** LISTED RECORDS follows **

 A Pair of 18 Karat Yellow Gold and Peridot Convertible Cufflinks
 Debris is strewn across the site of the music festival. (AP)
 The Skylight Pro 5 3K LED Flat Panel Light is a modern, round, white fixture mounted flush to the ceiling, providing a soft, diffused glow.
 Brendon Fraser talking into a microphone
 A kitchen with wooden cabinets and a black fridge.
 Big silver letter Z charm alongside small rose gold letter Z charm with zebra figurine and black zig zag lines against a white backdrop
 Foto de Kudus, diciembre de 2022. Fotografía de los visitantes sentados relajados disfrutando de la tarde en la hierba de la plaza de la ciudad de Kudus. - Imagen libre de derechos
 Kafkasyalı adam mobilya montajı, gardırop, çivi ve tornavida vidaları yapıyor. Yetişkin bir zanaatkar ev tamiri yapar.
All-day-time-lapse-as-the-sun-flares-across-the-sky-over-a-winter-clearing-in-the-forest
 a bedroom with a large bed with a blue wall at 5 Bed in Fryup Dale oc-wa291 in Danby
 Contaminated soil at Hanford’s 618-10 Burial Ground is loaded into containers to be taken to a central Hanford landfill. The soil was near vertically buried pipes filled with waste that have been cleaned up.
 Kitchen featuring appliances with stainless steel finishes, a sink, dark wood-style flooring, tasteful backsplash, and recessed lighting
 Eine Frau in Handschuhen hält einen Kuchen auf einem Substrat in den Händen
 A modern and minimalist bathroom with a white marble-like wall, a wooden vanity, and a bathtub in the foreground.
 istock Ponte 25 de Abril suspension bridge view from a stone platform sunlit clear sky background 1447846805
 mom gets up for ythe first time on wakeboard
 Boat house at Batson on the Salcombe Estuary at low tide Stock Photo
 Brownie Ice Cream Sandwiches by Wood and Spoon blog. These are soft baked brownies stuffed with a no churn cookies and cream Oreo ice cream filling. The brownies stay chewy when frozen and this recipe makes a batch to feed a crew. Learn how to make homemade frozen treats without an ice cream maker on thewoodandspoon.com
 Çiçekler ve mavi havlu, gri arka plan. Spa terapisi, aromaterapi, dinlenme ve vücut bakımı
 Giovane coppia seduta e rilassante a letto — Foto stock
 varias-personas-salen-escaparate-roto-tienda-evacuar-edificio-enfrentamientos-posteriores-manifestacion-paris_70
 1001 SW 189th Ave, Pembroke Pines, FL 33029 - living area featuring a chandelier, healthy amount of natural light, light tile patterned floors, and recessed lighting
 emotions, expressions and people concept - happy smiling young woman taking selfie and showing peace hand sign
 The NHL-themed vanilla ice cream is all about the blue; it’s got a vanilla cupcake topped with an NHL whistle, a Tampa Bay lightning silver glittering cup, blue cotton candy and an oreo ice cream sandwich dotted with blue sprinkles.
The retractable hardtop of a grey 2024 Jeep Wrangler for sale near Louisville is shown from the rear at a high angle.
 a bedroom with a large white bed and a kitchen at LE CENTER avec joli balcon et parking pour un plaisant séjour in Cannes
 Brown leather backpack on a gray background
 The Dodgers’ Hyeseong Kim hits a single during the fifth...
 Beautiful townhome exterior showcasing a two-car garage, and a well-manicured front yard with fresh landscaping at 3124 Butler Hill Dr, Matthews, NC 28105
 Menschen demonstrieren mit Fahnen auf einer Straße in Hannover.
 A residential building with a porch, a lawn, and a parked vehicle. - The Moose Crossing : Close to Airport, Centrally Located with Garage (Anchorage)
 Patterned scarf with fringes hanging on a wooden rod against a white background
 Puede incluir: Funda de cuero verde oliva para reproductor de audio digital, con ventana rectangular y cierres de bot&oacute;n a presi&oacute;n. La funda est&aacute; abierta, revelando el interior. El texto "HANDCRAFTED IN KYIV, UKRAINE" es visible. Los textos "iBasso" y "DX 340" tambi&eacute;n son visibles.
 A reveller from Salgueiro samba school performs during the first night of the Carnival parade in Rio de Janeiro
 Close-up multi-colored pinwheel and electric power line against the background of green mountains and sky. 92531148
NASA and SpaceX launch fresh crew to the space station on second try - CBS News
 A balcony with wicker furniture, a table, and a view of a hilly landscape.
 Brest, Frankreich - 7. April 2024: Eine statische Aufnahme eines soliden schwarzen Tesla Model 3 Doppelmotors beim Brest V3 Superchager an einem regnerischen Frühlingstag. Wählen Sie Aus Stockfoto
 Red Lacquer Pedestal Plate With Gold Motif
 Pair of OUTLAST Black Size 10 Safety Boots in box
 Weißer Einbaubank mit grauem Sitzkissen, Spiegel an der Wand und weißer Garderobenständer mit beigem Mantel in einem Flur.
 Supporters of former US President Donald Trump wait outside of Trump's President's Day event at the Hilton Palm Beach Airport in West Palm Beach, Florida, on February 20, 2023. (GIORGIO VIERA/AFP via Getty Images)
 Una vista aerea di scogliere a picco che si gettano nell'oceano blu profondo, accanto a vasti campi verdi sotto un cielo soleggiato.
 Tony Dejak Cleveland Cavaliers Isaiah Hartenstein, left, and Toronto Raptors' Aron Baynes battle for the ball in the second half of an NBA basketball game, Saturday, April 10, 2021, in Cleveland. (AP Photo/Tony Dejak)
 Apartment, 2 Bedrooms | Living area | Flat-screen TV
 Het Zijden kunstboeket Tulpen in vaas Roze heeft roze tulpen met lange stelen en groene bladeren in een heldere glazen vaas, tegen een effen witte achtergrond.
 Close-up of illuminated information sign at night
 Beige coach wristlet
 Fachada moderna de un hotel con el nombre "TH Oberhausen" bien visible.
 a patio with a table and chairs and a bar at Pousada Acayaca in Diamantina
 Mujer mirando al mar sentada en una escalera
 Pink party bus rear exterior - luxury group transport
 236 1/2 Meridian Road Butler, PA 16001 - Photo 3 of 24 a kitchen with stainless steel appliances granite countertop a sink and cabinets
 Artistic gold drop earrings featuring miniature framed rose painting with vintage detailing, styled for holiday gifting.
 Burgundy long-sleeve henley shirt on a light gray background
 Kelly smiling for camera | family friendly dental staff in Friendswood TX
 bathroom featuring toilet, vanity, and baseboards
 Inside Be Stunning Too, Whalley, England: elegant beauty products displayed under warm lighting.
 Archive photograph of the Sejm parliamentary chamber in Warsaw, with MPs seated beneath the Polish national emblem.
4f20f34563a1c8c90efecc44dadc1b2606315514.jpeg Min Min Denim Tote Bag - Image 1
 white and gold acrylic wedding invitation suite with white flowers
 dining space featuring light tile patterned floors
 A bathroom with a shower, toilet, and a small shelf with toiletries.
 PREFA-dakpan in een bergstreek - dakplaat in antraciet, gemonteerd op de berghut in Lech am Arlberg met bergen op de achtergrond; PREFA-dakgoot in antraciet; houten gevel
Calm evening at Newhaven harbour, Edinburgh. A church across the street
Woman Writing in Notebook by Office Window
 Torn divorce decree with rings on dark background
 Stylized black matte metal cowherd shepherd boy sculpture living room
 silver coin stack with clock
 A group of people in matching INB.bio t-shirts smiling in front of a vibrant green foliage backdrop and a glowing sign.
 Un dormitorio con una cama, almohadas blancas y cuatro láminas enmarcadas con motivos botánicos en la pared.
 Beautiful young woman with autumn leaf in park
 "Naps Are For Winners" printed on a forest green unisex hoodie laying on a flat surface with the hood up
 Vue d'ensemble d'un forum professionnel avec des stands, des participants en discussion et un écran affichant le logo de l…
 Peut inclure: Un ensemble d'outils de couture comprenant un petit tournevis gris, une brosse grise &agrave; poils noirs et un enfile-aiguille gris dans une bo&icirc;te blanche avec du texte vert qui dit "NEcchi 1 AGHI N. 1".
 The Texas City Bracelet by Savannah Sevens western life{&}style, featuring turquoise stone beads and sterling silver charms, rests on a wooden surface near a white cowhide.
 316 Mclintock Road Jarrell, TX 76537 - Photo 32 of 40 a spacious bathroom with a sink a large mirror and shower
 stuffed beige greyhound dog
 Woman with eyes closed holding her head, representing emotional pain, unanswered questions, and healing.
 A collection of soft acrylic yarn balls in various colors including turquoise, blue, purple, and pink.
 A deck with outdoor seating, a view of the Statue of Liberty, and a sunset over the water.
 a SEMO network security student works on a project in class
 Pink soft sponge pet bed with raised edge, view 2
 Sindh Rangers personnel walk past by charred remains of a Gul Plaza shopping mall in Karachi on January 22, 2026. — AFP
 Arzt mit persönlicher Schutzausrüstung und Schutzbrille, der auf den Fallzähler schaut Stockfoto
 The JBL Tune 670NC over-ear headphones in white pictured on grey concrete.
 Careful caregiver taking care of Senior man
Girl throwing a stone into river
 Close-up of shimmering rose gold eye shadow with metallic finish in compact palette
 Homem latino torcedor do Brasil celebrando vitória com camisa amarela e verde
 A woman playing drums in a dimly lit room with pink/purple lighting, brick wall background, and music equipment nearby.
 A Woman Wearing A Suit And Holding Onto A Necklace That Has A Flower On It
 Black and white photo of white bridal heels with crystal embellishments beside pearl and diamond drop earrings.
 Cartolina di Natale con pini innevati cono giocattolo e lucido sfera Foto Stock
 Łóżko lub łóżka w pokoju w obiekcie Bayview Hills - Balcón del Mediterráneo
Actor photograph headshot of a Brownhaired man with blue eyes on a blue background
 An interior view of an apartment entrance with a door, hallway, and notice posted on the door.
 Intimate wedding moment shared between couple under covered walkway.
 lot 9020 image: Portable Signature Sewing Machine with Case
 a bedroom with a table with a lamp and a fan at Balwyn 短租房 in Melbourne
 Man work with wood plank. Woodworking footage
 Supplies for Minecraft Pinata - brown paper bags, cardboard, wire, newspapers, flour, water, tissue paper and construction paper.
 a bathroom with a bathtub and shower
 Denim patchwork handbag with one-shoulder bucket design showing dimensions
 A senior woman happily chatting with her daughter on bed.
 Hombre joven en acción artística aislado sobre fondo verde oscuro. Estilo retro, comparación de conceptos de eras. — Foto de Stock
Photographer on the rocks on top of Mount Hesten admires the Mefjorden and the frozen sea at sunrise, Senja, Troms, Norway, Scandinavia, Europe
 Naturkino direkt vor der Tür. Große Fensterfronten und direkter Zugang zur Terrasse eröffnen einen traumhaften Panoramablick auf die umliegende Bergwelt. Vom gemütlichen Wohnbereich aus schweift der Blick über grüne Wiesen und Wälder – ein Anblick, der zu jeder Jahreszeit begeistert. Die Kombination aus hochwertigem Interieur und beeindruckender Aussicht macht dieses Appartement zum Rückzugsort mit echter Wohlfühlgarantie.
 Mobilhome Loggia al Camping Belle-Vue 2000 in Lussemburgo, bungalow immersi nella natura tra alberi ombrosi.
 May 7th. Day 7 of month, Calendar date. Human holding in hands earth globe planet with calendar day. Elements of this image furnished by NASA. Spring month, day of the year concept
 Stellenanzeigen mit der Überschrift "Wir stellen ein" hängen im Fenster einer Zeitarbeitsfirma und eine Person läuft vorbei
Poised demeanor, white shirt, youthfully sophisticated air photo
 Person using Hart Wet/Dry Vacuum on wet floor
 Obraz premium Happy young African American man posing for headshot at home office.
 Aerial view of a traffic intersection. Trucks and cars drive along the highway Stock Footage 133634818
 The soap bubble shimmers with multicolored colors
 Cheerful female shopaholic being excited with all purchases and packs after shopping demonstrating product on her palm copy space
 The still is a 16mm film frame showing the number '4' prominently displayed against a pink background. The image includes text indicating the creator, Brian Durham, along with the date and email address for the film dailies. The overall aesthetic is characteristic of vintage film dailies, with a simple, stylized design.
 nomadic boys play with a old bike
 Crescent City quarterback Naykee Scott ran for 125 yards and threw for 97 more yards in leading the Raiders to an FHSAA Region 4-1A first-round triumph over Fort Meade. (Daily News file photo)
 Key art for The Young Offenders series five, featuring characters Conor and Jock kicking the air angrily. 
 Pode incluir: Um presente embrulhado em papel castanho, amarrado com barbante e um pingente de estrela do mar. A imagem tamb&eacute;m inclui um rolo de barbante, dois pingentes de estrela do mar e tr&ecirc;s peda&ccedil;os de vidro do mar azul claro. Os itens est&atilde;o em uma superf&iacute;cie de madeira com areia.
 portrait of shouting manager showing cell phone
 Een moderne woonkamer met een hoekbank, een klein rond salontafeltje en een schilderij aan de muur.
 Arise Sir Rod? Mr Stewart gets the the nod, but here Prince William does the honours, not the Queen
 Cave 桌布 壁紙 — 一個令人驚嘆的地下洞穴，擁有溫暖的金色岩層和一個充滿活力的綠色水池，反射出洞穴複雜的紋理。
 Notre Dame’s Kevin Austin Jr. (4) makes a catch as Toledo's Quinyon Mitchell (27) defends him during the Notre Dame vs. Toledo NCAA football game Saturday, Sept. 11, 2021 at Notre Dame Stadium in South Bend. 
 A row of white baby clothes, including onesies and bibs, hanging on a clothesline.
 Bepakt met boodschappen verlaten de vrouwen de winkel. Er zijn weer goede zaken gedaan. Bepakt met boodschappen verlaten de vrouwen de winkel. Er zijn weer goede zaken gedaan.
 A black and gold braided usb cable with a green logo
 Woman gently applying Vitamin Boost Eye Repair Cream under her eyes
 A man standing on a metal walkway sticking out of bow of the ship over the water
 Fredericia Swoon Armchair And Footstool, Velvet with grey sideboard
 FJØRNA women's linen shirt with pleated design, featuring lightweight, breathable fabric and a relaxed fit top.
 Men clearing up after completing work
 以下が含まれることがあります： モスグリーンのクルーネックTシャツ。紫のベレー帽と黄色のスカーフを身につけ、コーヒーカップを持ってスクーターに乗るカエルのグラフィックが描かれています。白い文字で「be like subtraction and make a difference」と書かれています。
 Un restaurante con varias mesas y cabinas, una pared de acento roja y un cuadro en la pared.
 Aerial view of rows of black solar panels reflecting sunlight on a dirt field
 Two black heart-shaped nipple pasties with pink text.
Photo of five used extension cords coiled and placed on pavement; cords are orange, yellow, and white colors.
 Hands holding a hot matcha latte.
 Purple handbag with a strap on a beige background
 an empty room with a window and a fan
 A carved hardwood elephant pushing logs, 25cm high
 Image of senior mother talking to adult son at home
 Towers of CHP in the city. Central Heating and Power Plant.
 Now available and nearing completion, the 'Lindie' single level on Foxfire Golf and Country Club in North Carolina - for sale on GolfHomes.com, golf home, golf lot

** End of LISTED RECORDS **

§ **THE TASK**: Please extract exactly, and only, the lines from the line containing "an empty room with a window and a fan" through the last line of the records.

§ **ANSWER BOX**:
 an empty room with a window and a fan
 A carved hardwood elephant pushing logs, 25cm high
 Image of senior mother talking to adult son at home
 Towers of CHP in the city. Central Heating and Power Plant.
 Now available and nearing completion, the 'Lindie' single level on Foxfire Golf and Country Club in North Carolina - for sale on GolfHomes.com, golf home, golf lot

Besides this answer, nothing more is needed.